Occorre, forse, una rivoluzione di mentalità per capire che la pace non è un “dato”, ma una conquista. Non è un bene di consumo, ma il prodotto di un impegno. Non è un nastro di partenza, ma uno striscione di arrivo. La pace richiede lotta, sofferenza, tenacia. Esige alti costi di incomprensione e di sacrificio. Rifiuta la tentazione del godimento. Non tollera gli atteggiamenti sedentari. Non annulla la conflittualità. Non ha molto da spartire con la banale “vita pacifica”. Non elide i contrasti. Espone al rischio di ingenerosi ostracismi. Postula la radicale disponibilità a “perdere la pace” per poterla raggiungere... Sì, la pace, prima che traguardo, è cammino. E per giunta, cammino in salita. Vuol dire, allora, che ha le sue tabelle di marcia e i suoi ritmi. I suoi percorsi preferenziali e i suoi tempi tecnici. I suoi rallentamenti e le sue accelerazioni. Forse anche le sue soste. Se e cosi, occorrono attese pazienti. E sarà beato, perché operatore di pace, non chi pretende di trovarsi all'arrivo senza essere mai partito, ma chi parte.
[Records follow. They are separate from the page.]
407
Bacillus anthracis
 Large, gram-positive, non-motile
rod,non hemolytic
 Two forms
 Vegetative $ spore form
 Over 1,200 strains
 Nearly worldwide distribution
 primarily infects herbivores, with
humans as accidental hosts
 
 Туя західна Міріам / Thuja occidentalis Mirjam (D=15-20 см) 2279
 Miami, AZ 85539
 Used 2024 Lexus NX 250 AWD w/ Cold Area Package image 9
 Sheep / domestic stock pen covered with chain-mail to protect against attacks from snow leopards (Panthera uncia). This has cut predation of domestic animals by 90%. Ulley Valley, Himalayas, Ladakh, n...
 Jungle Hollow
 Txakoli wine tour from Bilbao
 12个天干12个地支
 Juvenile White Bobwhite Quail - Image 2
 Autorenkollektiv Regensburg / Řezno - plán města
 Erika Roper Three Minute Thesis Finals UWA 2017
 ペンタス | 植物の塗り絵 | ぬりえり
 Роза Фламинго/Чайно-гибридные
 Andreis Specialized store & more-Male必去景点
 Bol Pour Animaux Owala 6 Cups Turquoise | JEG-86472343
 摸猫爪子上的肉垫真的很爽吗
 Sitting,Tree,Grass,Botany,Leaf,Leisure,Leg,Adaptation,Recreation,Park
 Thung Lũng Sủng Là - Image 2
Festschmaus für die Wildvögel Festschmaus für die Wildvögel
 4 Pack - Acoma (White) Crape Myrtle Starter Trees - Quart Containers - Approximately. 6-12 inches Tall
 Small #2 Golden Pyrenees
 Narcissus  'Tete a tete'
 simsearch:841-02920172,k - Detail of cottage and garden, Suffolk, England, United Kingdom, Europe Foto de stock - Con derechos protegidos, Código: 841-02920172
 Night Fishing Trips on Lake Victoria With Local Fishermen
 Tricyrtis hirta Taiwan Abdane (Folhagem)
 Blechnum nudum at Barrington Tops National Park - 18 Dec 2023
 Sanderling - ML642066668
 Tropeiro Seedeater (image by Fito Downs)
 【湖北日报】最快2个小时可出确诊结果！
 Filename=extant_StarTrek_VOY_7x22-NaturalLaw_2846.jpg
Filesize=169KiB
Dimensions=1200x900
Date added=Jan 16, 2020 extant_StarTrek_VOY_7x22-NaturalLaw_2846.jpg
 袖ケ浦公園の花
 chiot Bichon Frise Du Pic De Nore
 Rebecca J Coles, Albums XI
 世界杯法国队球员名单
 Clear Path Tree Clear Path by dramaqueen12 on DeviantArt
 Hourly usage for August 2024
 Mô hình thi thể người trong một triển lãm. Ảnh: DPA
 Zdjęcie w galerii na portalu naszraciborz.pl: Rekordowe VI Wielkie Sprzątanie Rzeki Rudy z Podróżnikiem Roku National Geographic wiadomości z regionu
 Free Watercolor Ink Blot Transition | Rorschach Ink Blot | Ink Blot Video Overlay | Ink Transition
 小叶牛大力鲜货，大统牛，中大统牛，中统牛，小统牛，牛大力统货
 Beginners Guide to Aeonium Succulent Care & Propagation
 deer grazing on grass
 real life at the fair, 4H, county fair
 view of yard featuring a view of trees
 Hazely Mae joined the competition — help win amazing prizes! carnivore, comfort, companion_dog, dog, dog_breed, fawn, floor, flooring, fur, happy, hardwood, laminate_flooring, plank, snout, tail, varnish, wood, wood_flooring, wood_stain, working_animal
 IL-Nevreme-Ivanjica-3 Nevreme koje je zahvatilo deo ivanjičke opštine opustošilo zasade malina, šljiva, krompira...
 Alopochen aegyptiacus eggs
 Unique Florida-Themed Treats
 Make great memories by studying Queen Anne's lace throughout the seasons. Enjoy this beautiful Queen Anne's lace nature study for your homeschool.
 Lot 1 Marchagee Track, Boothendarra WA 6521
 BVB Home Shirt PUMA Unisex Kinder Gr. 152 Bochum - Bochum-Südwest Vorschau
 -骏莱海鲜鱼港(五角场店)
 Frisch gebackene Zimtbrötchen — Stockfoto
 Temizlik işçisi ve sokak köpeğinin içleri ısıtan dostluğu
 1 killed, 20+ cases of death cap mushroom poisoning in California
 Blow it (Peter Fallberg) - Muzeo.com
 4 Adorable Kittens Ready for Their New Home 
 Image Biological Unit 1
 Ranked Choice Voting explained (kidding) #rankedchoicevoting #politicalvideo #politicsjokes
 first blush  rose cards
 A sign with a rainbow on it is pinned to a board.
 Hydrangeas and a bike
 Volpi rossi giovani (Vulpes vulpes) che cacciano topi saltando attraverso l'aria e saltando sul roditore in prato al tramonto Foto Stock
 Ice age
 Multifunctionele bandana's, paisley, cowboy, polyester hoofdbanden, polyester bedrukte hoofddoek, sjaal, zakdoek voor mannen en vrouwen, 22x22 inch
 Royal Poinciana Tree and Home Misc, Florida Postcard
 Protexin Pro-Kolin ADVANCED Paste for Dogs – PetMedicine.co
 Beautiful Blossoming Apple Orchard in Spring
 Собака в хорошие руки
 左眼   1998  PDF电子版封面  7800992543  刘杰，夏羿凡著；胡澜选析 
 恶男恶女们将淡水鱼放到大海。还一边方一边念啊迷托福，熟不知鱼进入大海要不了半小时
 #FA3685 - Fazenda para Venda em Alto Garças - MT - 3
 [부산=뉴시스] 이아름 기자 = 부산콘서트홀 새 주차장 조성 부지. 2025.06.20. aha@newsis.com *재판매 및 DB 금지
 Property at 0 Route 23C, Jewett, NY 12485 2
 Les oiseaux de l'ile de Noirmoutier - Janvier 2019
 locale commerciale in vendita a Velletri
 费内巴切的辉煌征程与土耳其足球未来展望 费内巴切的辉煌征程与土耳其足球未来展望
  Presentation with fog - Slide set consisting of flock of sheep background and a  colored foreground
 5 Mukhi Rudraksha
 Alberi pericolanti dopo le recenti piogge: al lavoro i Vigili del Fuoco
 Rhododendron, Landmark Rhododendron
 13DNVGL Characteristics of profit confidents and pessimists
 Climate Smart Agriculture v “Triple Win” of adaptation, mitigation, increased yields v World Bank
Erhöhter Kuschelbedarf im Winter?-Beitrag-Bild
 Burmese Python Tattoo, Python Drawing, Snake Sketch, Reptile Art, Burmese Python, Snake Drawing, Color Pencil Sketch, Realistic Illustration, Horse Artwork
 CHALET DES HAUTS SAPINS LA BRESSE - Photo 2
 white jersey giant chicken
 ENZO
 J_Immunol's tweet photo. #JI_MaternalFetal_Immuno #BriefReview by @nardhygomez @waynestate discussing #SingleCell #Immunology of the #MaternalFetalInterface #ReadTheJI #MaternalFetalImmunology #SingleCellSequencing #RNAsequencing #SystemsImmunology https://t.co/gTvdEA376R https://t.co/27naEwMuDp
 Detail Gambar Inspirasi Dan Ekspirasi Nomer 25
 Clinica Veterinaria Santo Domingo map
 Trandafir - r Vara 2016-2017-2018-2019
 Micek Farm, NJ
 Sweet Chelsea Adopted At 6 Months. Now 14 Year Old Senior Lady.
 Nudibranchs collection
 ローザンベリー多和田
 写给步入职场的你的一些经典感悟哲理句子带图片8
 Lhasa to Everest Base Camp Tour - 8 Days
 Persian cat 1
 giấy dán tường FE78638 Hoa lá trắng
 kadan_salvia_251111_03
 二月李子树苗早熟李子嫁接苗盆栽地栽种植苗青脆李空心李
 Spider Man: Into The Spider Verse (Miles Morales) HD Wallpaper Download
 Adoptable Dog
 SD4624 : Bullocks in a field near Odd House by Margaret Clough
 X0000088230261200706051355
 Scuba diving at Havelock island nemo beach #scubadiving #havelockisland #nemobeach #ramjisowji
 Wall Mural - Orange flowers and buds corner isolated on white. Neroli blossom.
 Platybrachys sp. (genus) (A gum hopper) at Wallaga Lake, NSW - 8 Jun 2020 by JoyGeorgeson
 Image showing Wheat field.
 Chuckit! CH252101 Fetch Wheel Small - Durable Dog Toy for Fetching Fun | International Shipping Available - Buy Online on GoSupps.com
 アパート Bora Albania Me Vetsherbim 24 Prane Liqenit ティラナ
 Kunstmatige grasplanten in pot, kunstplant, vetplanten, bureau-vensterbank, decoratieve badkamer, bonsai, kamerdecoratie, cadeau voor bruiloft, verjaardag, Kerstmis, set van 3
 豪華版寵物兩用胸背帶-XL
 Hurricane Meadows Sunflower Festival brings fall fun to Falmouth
Col miraggio di una sosta sempre gioiosamente intravista, anche se mai (su questa terra, s'intende) pienamente raggiunta.
Don Tonino Bello
Signore Dio di pace, ascolta la nostra supplica! Apri i nostri occhi e i nostri cuori e donaci il coraggio di dire: “mai più la guerra!“. ”Con la guerra tutto è distrutto !”. Infondi in noi il coraggio di compiere gesti concreti per costruire la pace.